PROVIDED DATA:
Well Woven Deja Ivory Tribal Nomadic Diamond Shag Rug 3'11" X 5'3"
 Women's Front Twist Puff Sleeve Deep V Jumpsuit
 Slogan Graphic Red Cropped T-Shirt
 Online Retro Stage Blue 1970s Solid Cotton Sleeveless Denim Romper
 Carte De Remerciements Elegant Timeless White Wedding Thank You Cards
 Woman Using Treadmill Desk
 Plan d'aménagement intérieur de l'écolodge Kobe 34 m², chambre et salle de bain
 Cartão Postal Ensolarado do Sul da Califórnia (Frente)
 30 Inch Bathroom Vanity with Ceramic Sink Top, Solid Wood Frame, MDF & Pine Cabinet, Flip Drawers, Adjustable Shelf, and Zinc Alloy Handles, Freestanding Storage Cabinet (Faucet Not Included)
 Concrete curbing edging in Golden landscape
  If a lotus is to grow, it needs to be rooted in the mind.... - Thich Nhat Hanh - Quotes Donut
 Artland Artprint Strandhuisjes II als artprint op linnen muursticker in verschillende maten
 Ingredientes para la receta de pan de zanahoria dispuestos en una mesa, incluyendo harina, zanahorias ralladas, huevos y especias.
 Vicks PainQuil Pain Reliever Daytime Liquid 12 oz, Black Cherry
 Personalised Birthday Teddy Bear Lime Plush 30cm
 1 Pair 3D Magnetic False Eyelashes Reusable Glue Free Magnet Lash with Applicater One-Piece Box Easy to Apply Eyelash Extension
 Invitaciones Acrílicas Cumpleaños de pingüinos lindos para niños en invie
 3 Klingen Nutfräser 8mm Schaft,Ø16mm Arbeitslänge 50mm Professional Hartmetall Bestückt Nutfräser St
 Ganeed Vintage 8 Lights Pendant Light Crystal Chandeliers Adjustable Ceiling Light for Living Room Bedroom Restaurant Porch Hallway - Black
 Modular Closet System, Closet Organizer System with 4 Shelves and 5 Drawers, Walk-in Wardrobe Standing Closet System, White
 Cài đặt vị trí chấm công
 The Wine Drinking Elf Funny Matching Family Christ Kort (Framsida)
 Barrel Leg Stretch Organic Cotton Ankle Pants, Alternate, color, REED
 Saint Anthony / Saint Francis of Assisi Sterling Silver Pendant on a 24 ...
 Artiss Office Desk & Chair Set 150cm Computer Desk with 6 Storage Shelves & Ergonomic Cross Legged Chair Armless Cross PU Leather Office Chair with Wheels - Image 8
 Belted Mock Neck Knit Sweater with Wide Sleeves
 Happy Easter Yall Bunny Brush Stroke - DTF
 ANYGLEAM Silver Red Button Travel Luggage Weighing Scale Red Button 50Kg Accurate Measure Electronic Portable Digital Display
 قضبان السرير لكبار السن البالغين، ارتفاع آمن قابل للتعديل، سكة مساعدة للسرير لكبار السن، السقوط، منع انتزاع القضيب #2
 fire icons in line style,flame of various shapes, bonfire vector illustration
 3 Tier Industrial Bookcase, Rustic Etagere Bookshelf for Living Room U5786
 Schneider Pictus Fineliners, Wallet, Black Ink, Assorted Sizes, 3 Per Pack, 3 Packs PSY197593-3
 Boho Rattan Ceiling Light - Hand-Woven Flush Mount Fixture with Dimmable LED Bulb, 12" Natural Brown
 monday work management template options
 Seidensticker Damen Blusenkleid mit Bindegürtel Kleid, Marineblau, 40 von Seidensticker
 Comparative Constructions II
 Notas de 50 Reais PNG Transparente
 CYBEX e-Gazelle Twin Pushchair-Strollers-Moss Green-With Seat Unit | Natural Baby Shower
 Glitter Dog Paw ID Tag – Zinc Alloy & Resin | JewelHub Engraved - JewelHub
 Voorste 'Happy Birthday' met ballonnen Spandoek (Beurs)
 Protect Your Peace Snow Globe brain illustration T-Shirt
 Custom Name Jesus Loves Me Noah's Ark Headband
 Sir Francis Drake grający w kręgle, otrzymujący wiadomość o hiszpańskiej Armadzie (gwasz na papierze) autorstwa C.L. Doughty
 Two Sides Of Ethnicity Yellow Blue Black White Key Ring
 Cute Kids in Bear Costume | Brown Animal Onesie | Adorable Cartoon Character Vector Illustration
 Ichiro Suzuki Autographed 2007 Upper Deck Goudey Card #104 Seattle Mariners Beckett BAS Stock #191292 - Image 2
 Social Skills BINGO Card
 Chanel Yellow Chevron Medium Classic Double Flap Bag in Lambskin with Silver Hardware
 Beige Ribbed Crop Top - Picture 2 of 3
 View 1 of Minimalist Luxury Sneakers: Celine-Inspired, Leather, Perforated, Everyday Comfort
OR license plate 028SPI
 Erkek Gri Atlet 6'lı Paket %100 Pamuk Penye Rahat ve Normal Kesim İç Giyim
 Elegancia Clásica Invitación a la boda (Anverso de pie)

ASSIGNMENT:
Copy each line in the listing where "Blue" appears.

TASK RESULT:
 Online Retro Stage Blue 1970s Solid Cotton Sleeveless Denim Romper
 Two Sides Of Ethnicity Yellow Blue Black White Key Ring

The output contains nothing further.